Dessa forma, a doutrina marxista compartilha com as crenças religiosas uma visão teleológica da história, relacionando-a com sua causa final, em uma narrativa de redenção e um estado final de perfeição. No entanto, ela se diferencia pelo fundamento no materialismo dialético e histórico. Ele pretende ser considerado científico, em vez de místico ou sobrenatural.

Assim, o socialismo foi abraçado e defendido por seus adeptos com um fervor comparável ao de uma fé religiosa, mesmo com seu conteúdo sendo profundamente secular e crítico em relação às religiões tradicionais.

A expressão “fé cega, faca amolada” significa a fé ser cega por envolver um salto no escuro ou duvidoso. Já a faca precisa ser amolada, pois, assim, ela passa a agir de forma racional, previsível e cortante.

A fé cega cria lacunas na mente sem dúvidas e incredulidade. Nega o raciocínio e o livre arbítrio, características naturais do ser humano. O problema não é ter fé, mas sim tentar impô-la aos outros – ou querer salvar quem não quer ser salvo.

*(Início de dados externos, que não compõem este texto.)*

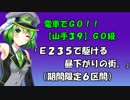 【山手39】(GO級) 電車でGO!! プレイ動画『E235で駆ける昼下がりの街。』（原宿～品川）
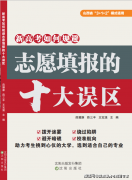 学校正在国内承认度也非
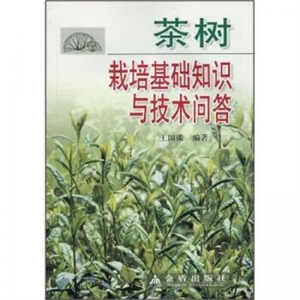 茶树栽培基础知识与技术金盾出版社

A letra da música “Fé Cega, Faca Amolada”, escrita por Milton Nascimento e Ronaldo Bastos, utiliza metáforas para transmitir a ideia de a fé e a paixão serem como uma faca amolada, afiadas e prontas para enfrentar os desafios do cotidiano. Creio em deus padre… para jamais enfrentar uma faca amolada! Adapto o dito por um paisano ao observar o funcionamento da guilhotina na Revolução Francesa: –  Louvo todos os deuses (inclusive os marxistas) e… deixo o mundo ser mundo.